A collection of video editors have written an open letter to Apple CEO Tim Cook, accusing Apple of letting Final Cut Pro fall behind rival editing tools, and demanding the company puts more effort to promote it as a professional filmmaking application.
Apple's video production tools, including Final Cut Pro, received updates in April at around the same time as other more major changes to Adobe's tools and Blackmagic Design's DaVinci Resolve. However, in a letter to Apple, editors suggest that Apple isn't pulling its weight to keep Final Cut Pro relevant for professional productions.
The open letter, published on Tuesday and addressed to Cook, is said to be from "professionals working in Hollywood and other high-profile movie and TV markets around the world."
Opening with praise about Final Cut Pro as the "biggest leap forward in editing technology since the move to digital," the letter then complaints some of its signees cannot use it for their work. "Work that could easily include productions for your very own Apple TV+ service," it states.
While admitting Final Cut Pro is successful with a high number of users, the letter insists "unfortunately in professional film and TV, editors who use Final Cut Pro are a tiny minority." Therefore, the editors ask Apple "to promote Final Cut Pro publicly and add the few remaining features that our industry has consistently stated are needed."
This includes public support and certifying suppliers of third-party products and services editors use so that Final Cut Pro can be integrated "into industry-standard workflows." There is also an urging to improve Pro Apps support and for Final Cut Pro to be bought through existing industry suppliers, as "this is essential for big productions to accept Final Cut Pro as legitimate."
The writers believe a renewed public commitment to the professional film industry and Final Cut Pro will increase the number of editors who "would discover the joys of using Final Cut Pro."
"We hope you will encourage our industry to see Final Cut Pro as a professional choice for editors of future award-winning TV shows and movies, and for millions more editors all over the world."
The letter is jointly signed by 112 editors,, directors, and visual effects artists, who worked on projects including "Drive My Car," "War of the Worlds S3," "Bridgerton," and "BBC News."
Among the improvements, signers suggested that it could benefit from a public Beta program, improved collaboration tools, and how it teaches people to edit in the first place.

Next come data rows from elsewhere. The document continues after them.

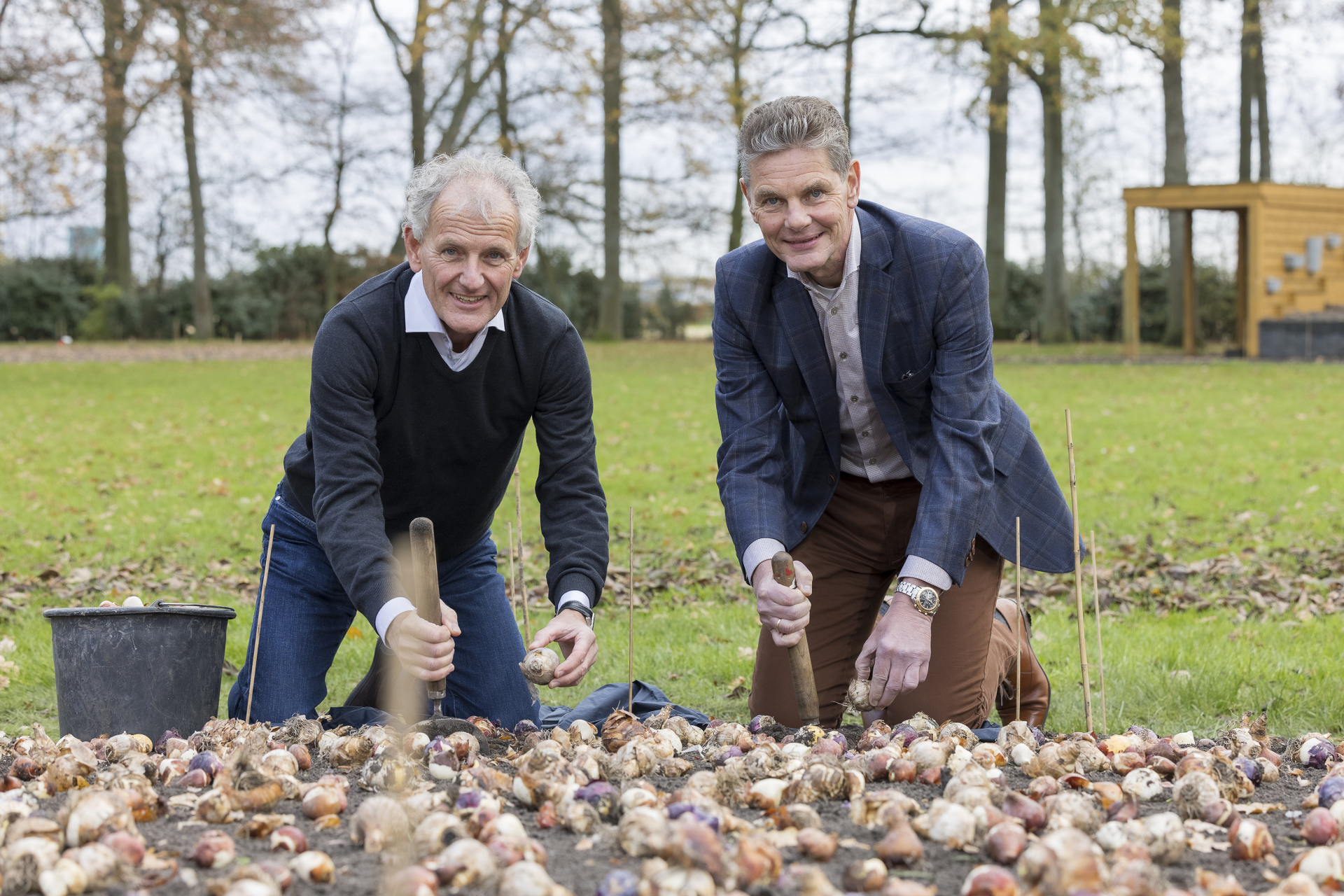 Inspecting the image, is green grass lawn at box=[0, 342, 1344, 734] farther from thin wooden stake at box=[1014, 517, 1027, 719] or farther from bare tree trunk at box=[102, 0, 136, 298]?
bare tree trunk at box=[102, 0, 136, 298]

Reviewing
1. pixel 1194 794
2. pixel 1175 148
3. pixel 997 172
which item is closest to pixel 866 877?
pixel 1194 794

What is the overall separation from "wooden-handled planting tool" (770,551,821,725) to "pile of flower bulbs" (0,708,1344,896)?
5.5 inches

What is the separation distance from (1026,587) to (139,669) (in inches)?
150

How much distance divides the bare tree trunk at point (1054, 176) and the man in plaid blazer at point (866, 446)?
14.3 m

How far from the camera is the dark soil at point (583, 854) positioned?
1701 millimetres

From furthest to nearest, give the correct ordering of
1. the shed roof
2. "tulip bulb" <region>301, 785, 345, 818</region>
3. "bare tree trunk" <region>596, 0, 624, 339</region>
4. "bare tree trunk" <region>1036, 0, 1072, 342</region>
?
"bare tree trunk" <region>596, 0, 624, 339</region> < the shed roof < "bare tree trunk" <region>1036, 0, 1072, 342</region> < "tulip bulb" <region>301, 785, 345, 818</region>

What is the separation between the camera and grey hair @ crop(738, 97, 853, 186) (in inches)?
104

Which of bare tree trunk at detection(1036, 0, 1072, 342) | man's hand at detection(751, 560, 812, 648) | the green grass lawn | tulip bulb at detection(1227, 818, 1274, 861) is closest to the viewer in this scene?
tulip bulb at detection(1227, 818, 1274, 861)

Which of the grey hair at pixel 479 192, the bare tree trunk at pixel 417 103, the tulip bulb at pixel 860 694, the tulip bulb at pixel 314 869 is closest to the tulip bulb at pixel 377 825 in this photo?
the tulip bulb at pixel 314 869

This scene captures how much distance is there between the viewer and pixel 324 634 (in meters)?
3.33

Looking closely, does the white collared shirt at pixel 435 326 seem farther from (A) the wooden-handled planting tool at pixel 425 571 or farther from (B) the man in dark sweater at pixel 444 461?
(A) the wooden-handled planting tool at pixel 425 571

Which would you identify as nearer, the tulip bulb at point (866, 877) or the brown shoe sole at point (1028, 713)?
the tulip bulb at point (866, 877)

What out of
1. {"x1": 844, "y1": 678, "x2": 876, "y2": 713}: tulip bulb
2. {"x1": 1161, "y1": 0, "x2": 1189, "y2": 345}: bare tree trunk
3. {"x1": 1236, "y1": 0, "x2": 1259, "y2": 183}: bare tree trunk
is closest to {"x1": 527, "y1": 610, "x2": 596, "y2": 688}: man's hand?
{"x1": 844, "y1": 678, "x2": 876, "y2": 713}: tulip bulb

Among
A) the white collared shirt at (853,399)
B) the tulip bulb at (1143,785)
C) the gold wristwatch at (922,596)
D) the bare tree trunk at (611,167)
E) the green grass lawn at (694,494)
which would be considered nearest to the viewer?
the tulip bulb at (1143,785) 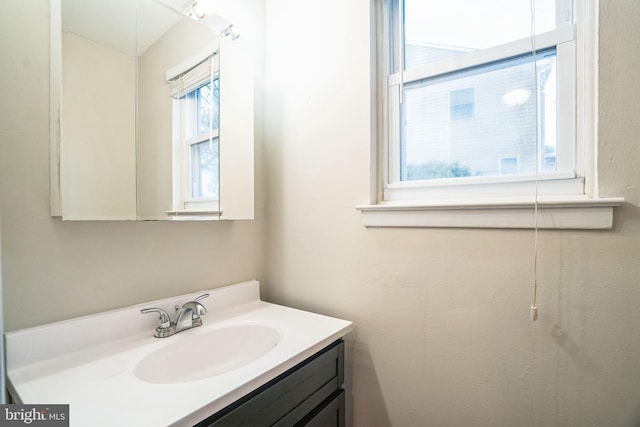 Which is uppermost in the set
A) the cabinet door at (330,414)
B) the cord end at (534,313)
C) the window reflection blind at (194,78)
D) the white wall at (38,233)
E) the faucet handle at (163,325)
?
the window reflection blind at (194,78)

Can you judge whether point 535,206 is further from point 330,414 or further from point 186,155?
Answer: point 186,155

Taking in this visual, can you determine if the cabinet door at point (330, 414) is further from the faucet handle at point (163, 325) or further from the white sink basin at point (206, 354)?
the faucet handle at point (163, 325)

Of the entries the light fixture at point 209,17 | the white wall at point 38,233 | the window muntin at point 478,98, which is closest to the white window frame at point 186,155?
the white wall at point 38,233

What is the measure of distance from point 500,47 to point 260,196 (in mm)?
1079

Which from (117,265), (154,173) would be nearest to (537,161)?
(154,173)

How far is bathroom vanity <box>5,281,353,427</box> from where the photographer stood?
0.61 meters

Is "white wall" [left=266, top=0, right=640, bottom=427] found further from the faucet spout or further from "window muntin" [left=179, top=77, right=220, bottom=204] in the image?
the faucet spout

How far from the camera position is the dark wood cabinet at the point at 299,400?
680 mm

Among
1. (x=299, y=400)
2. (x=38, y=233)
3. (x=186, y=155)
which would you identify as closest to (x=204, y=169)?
(x=186, y=155)

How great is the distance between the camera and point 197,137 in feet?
3.62

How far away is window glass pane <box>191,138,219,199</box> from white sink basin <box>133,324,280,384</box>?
51cm

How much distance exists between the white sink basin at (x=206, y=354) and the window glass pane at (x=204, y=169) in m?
0.51

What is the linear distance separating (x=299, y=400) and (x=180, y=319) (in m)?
0.47

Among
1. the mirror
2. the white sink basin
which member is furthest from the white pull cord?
the mirror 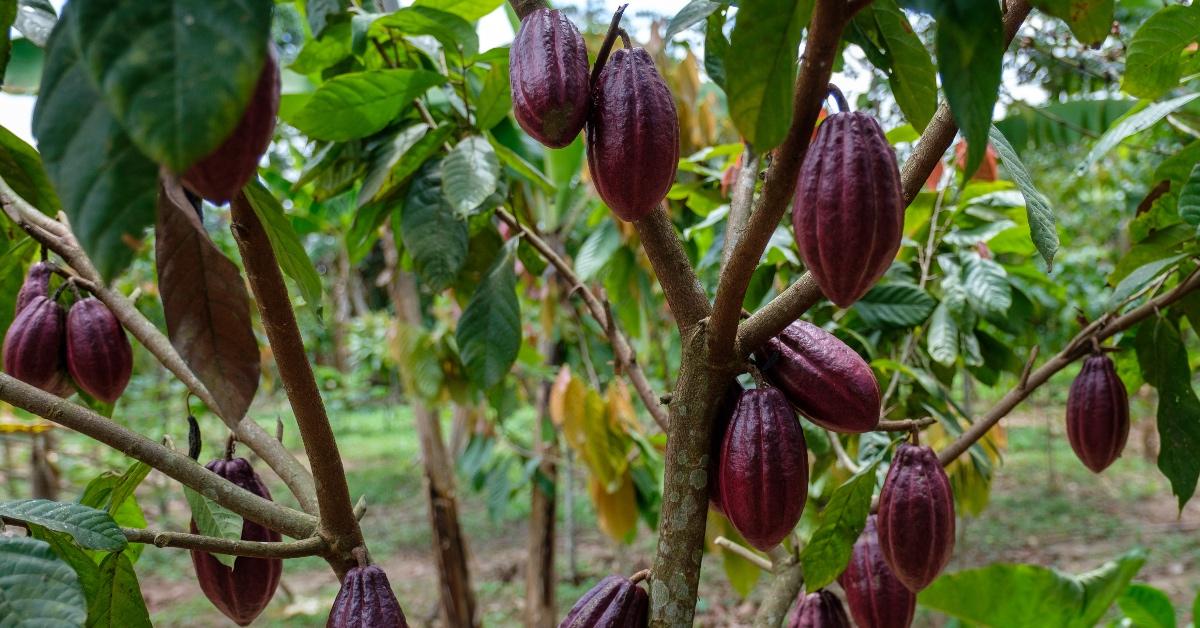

There is also aa call to make it easier to "get permission to edit TV" with the tool, as "you can't use it without fighting producers, directors, post-production supervisors, sound editors, etc."
April 12's updates to Final Cut Pro brought the tool to version 10.6.2, with the main changes revolving around finding duplicated media, machine learning background noise reduction, M1 Max and M1 Ultra optimizations, support for importing Magic Movie and Storyboard projects from iMovie for iOS 3.0, and the addition of Korean language support.
26 Comments
I’m not sure what this letter seeks to do. I have Final Cut Pro but rarely use it, most of my work uses Resolve, which has become what FCP7 used to be before Apple totally abandoned it. I wouldn’t bet the farm that Apple won’t sell it off to a third party.
"Industry-standard workflows" means totally cross-platform. Final Cut Pro is not a cross-platform and it remains a niche for Mac users only.... forever. I used to love Final Cut Pro but the interface changes back then threw me off the curve and hindered production. Now I am using Adobe Premiere where FCP is used to be. Matter of fact, Apple, thank you for that
because the tight integration and the awesome workflow between Adobe applications saves me tons of hours.
Ok - I reread this reading between the lines I’m guessing they want workflow support for apps like adobe after effects - they might not want to hold their breath on that - the last request is bizarre:
There is also aa call to make it easier to "get permission to edit TV" with the tool, as "you can't use it without fighting producers, directors, post-production supervisors, sound editors, etc."